Most important, I think, there is nothing for patients stuck on hospital waiting lists. It is not good enough to say that the provinces run the hospitals, that the provinces run health care. When a Liberal government brought in health care in Canada, and I give it full credit for that, it was a 50:50 deal with the provinces. My province gets about 14% covered now. This government did that. It brought down the grants to provinces to lower the deficit. It put it on the backs of the provinces so that they have to raise more taxes and put it on the backs of the municipalities. The government is to blame for what is happening in health care today. It is to blame for every person in Canada who needs a hip replacement or who needs a heart transplant and is on a waiting list. With our technology and our abilities in this country, we should not have those problems in health care. We just should not have them and there is nothing in this budget to solve those problems.
It does have money, however, for Liberal leadership candidates' pet projects: heritage money for filmmakers; health money that will not provide health care; and a mini Internet boondoggle instead of a giant Internet boondoggle.
Now the government wants to cut off debate on this budget after a mere two days.
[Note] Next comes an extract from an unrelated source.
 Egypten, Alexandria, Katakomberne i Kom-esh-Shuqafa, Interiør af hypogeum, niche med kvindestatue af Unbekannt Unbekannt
The government plans on adjourning until the new year without dealing with the amendment on the budget from the official opposition. Without deciding that question, confidence in the budget and in the government cannot be determined. The government cannot leave such a question of non-confidence to languish on the order paper until the new year. Its assumption that the House will defeat this amendment is another example of its arrogance. Presupposing a decision of the House trivializes the constitutional roles of members of parliament and of the official opposition.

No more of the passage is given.